[DATA SHOWN Boundary: Start]

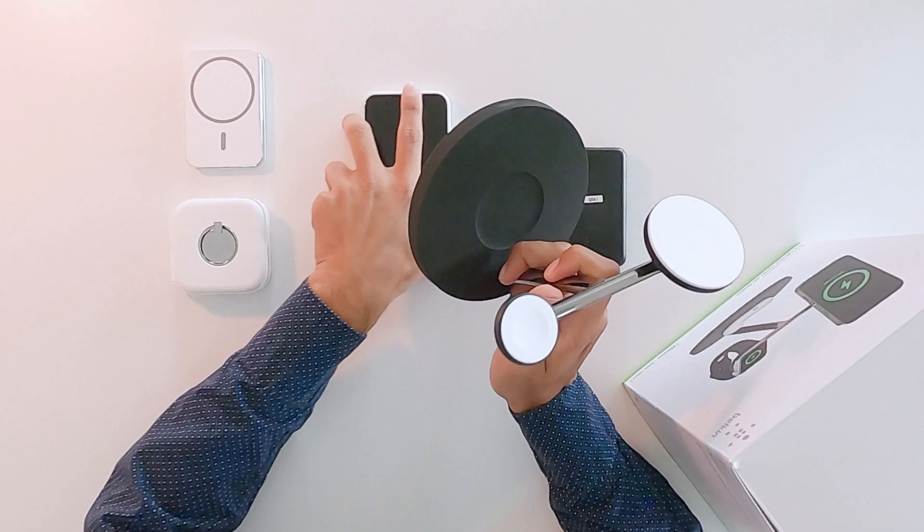I have a couple of products in front of me and not everything is alike — there are two different categories. There is 'Made for MagSafe,' which supports 15-watt charging, and 'MagSafe Compatible,' which is limited to 7.5-watt charging. The charging animation you see on the iPhone is also completely different depending on which category the product falls into.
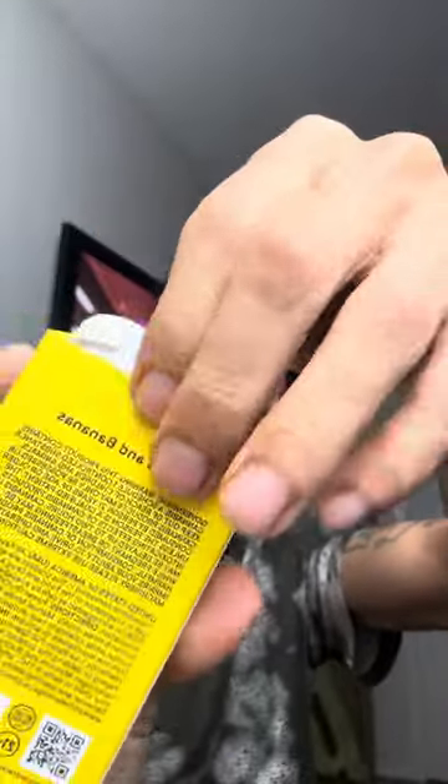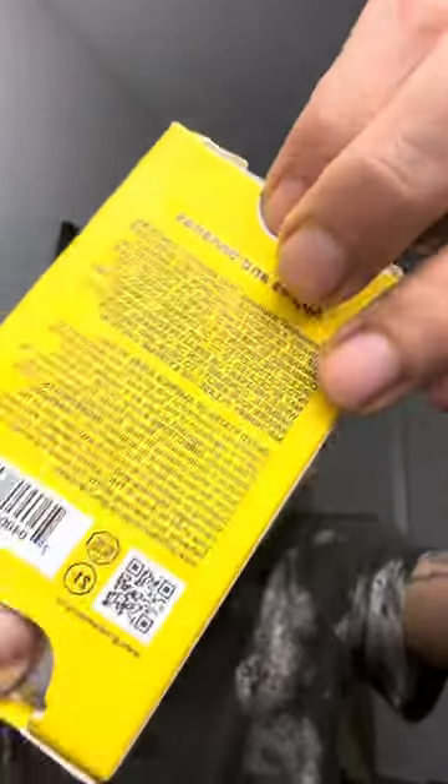Seen this? Brand new. They out there. Definitely cop. Here's the back if you want to know what it looks like. Let's open this up. I like to press this in to open it up.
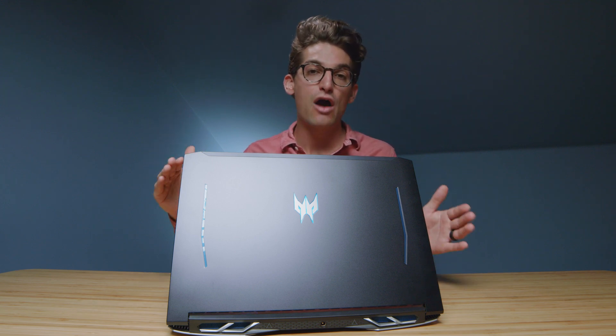Moving on to video editing, you can see the export times coming up on screen now. This laptop performs in line with all the other Intel laptops that I've had on my channel. With Intel QuickSync, Premiere Pro is a fantastic app for these Intel laptops.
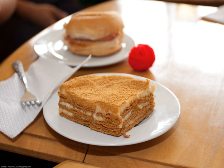Mango Float is a Filipino icebox cake dessert made with layers of ladyfingers or graham crackers, whipped cream, condensed milk, and ripe carabao mangoes. It is chilled for a few hours before serving, though it can also be frozen to give it an ice cream-like consistency.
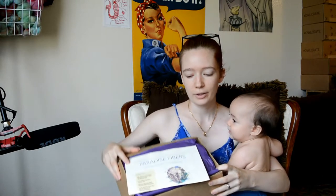So to begin, we open it up and the first thing I notice — let's just go to the pretty purple tissue paper. It says 'share for a chance to win, hashtag Paradise Fibers.' And it is beautiful purple.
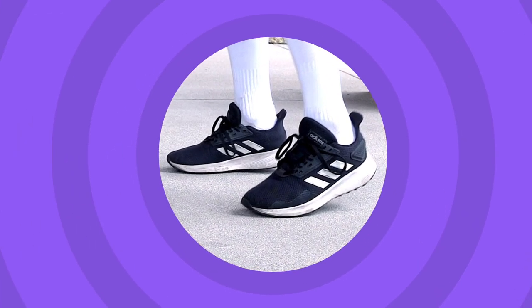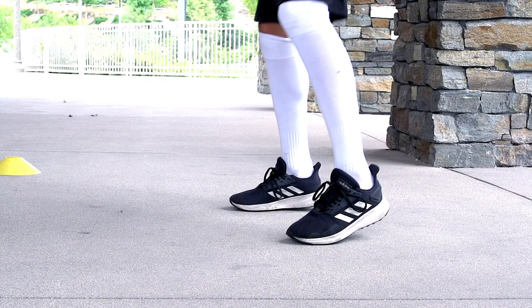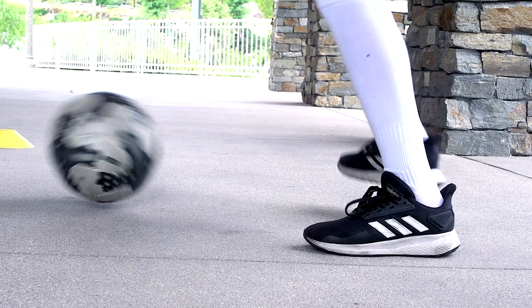On your toes so you can move your feet. Move your body so it's in line with the ball. Control the ball with the inside of your foot.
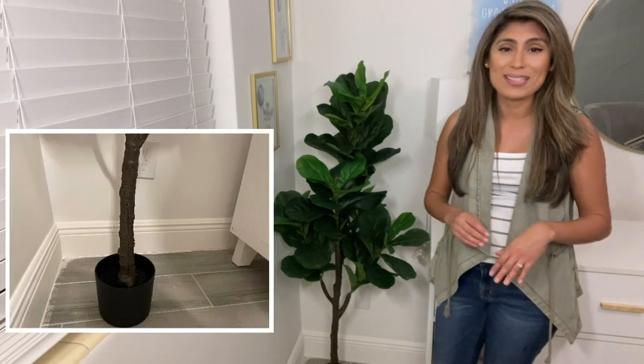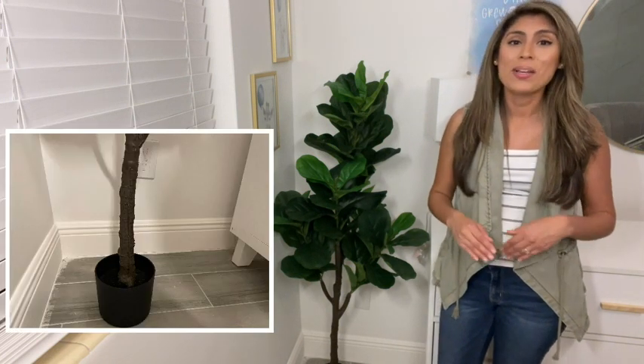I really appreciate that at the bottom of this fig tree it comes with a black base. It gives it a really elegant look, but you could always add a different basket or vase underneath this fig tree.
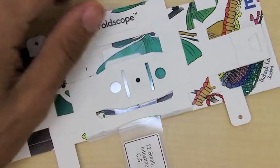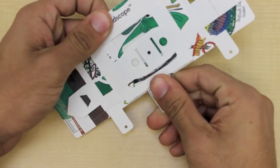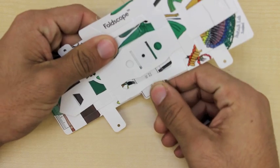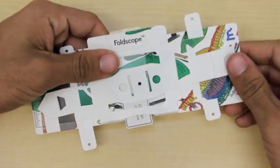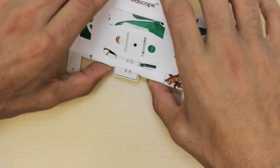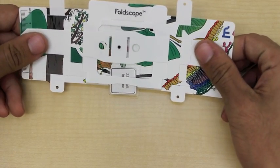This part may be difficult the first time, but should get easier over time as the slit loosens. Push it through the slit and continue until the sample is in the center of the slide stage, such that you can easily navigate it with the lens.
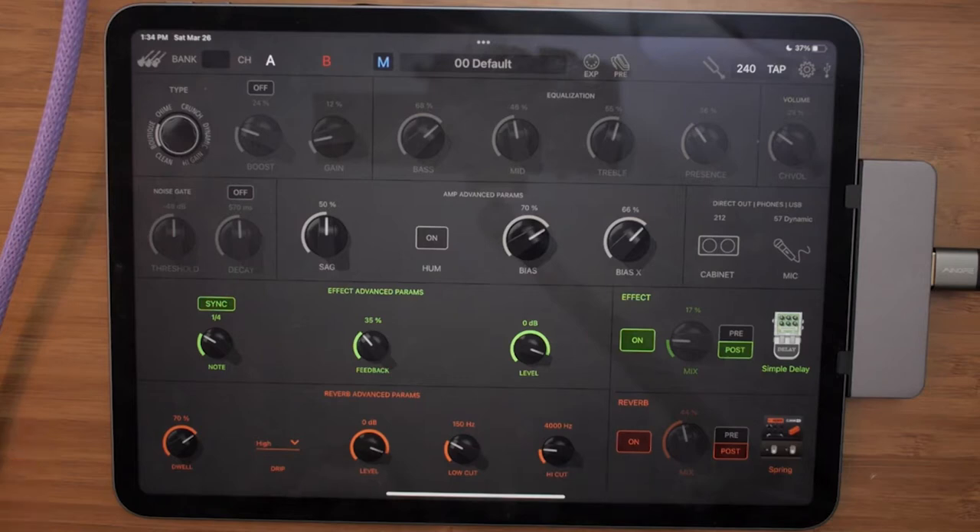Looking at these advanced controls: on top of the amp you can control the tap — so the speed of things like delay — and the mix. On the app, you can put it before or after the amp, which is really cool. You can control the level, feedback, so repeats, and you can change how the tap interacts — like dotted, and so on. I just keep it quarter notes.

[DATA SHOWN Boundary: End]

→ WHAT YOU NEED TO DO
Each entry needs to be retyped exactly; the pictures stay out.

→ ANSWER SPACE
I have a couple of products in front of me and not everything is alike — there are two different categories. There is 'Made for MagSafe,' which supports 15-watt charging, and 'MagSafe Compatible,' which is limited to 7.5-watt charging. The charging animation you see on the iPhone is also completely different depending on which category the product falls into.
Seen this? Brand new. They out there. Definitely cop. Here's the back if you want to know what it looks like. Let's open this up. I like to press this in to open it up.
Moving on to video editing, you can see the export times coming up on screen now. This laptop performs in line with all the other Intel laptops that I've had on my channel. With Intel QuickSync, Premiere Pro is a fantastic app for these Intel laptops.
Mango Float is a Filipino icebox cake dessert made with layers of ladyfingers or graham crackers, whipped cream, condensed milk, and ripe carabao mangoes. It is chilled for a few hours before serving, though it can also be frozen to give it an ice cream-like consistency.
So to begin, we open it up and the first thing I notice — let's just go to the pretty purple tissue paper. It says 'share for a chance to win, hashtag Paradise Fibers.' And it is beautiful purple.
On your toes so you can move your feet. Move your body so it's in line with the ball. Control the ball with the inside of your foot.
I really appreciate that at the bottom of this fig tree it comes with a black base. It gives it a really elegant look, but you could always add a different basket or vase underneath this fig tree.
This part may be difficult the first time, but should get easier over time as the slit loosens. Push it through the slit and continue until the sample is in the center of the slide stage, such that you can easily navigate it with the lens.
Looking at these advanced controls: on top of the amp you can control the tap — so the speed of things like delay — and the mix. On the app, you can put it before or after the amp, which is really cool. You can control the level, feedback, so repeats, and you can change how the tap interacts — like dotted, and so on. I just keep it quarter notes.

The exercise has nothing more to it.